Accuracy of our model is very similar to accuracy score from CountVectorizer even though we used much less features.

Even though our accuracy score seems fine however we are only considering 1-gram words. Meaning we are considering words like "Not working" as two separate words instead of one word. This is a problem since using 1-gram words only it will positively rate "working".

    # Using tf-idf we can see both sentence is labelled as negative (0) even though first sentence should be positive.
    print(model.predict(vect.transform(['not an issue, phone is working',
    'an issue, phone is not working'])))

    >>> [0,0]

N-grams

Here we will acknowledge uni-gram and bi-gram by passing in extra parameter into TfidfVectorizer.

    vect = TfidfVectorizer(min_df=5, ngram_range=(1,2)).fit(X_train)
    X_train_vectorized = vect.transform(X_train)
    len(vect.get_feature_names())

Number of features increased since we are considering uni-grams and bi-grams

    model = LogisticRegression()
    model.fit(X_train_vectorized, y_train)
    predictions = model.predict(vect.transform(X_test))
    print('AUC: ', roc_auc_score(y_test, predictions))

    >>> AUC:  0.9110661794597458

It is clear that our accuracy score improved by adding just bi-gram.

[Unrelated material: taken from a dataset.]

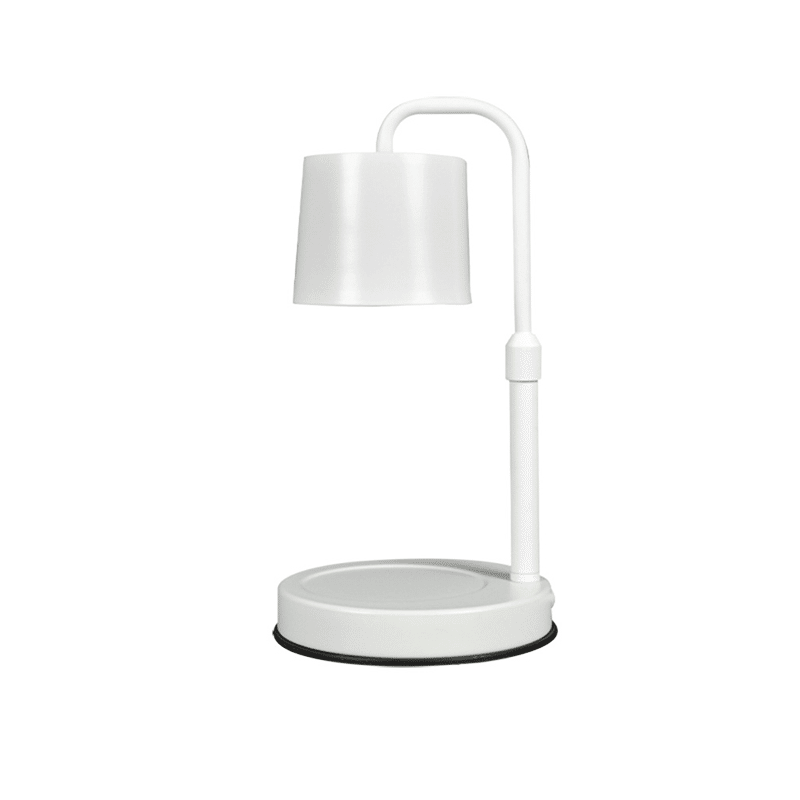 Candle Warmer Lamp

Try using tri-grams, 4-grams and so on but keep in mind number of feature increases significantly.

    print(model.predict(vect.transform(['not an issue, phone is working',
    'an issue, phone is not working'])))

    >>> [1,0]

Now it correctly identifies bi-gram and classify two sentences accordingly.

Finally, I want to say thank you for reading my blog. There are variety of methods when it comes to NLP therefore do not stop here but explore! I will be creating feedback section thus feel free to ask any questions and give feedback on what you think would improve readabilty of my blog.